Ecco allora alcuni atteggiamenti fondamentali che gli operatori pastorali e le comunità nel loro complesso debbono «imparare» con umiltà e fiducia per realizzare un’autentica «conversione missionaria» come richiesta dal papa alla Chiesa in uscita. In fin dei conti, si tratta talvolta di consolidare e rafforzare l’esistente all’interno di un quadro operativo sempre più efficace e organizzato che comprenda équipe pastorali, responsabili locali, collaboratori dei servizi cantonali e diocesani così da favorire una pastorale di «prossimità».

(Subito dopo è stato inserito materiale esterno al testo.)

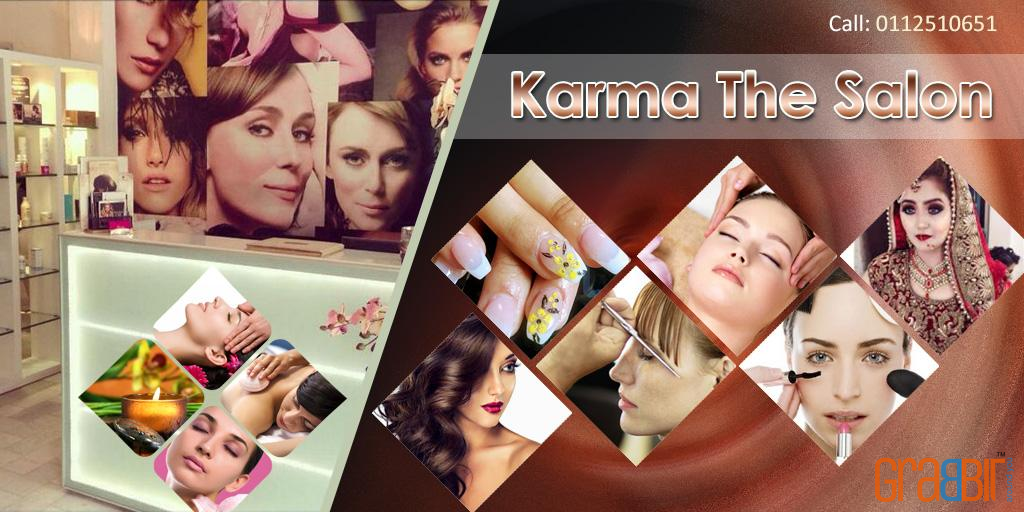 Karma The Salon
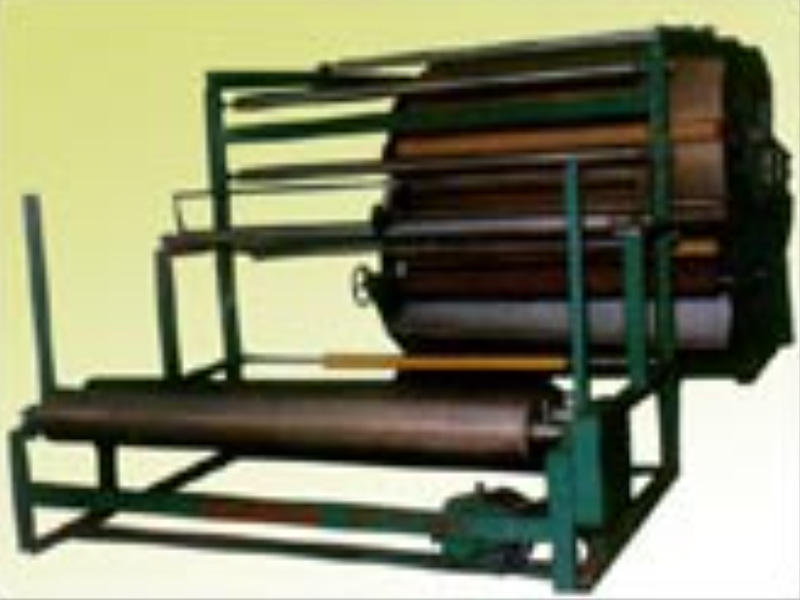 膠粘復(fù)合機(jī)(A型)壓輥式 ZPJ5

In primo luogo «imparare a guardare»: un vero cambio di prospettiva che giunga a quella «pastorale dello sguardo», a imitazione di quella di Cristo. Uno sguardo d’amicizia e d’amore, capace di andare «oltre le apparenze per giungere all’intimità delle coscienze, in interazione con la sfera dell’educazione e della cultura, del lavoro e dell’economia come della politica, in collaborazione con le scienze umane, la sociologia, la psicologia, la pedagogia».

Allo sguardo, positivo, caldo e fraterno, segue l’«imparare ad accompagnare come Dio accompagna noi». Ma se è tutta la comunità ad essere chiamata a porsi a fianco delle persone per sostenerle nel cammino, esistono però al suo interno dei soggetti in qualche modo privilegiati o se vogliamo consacrati appositamente: gli sposi cristiani. Se i coniugi sono i “ministri” del sacramento, essi devono diventare gli «attori principali della pastorale familiare», scrivono i pastori, aggiungendo che la Chiesa deve “scommettere” su di loro perché «l’accoglienza e l’accompagnamento delle diverse situazioni all’interno di una comunità passa attraverso la presenza contagiosa e diffusiva di bene delle coppie e delle famiglie».

Saranno le coppie cristiane, sempre nell’ottica della gradualità e della singolarità dei contesti, al centro dei percorsi di preparazione al matrimonio cristiano e di accompagnamento delle giovani coppie, quasi una sorta di «catecumenato al matrimonio» che prenderà necessariamente le mosse dalla catechesi di iniziazione cristiana per farsi poi più specifico nel tempo del fidanzamento e nei mesi che precedono le nozze per continuare nei primi anni di matrimonio.

E infine è sempre più richiesto l’imparare l’«arte del discernimento» nelle diverse situazioni (e con l’aiuto fondamentale degli operatori esperti di diverse discipline laiche) senza dimenticare le tante ferite, le inevitabili prove, i momenti di crisi affettiva, ma anche economica o lavorativa delle famiglie, la sofferenza dei figli soprattutto se minori, l’irrompere di una malattia, una separazione o un lutto.

Citando papa e catechismo, discernimento significa anche riconoscere in qualche caso, magari con una collaborazione interdisciplinare, le «circostanze attenuanti» che permettono talvolta di «ridurre fino ad annullare la responsabilità personale (AL 302, CCC n. 1735)». «In ogni situazione è possibile vivere nella grazia di Dio e in alcuni casi può intervenire l’aiuto dei sacramenti». Appare questo l’unico passaggio che faccia un riferimento esplicito a quel capitolo VIII che ad alcuni ha creato problemi (vedi i vescovi polacchi, il cardinale Chaput a Philadelphia o i Dubia dei cardinali).

Interrogato dall’agenzia cattolica svizzera, il vescovo ausiliare di Losanna, Ginevra e Friburgo, Alain de Raemy, già membro dell’équipe che ha redatto il testo, ha risposto così, in piena sintonia con AL: «I vescovi incoraggiano un profondo percorso di discernimento incarnato in ogni situazione. E in alcuni casi, pur evitando ogni generalizzazione, è possibile che l’accesso ai sacramenti della confessione e all’eucaristia possa aiutare il cammino personale».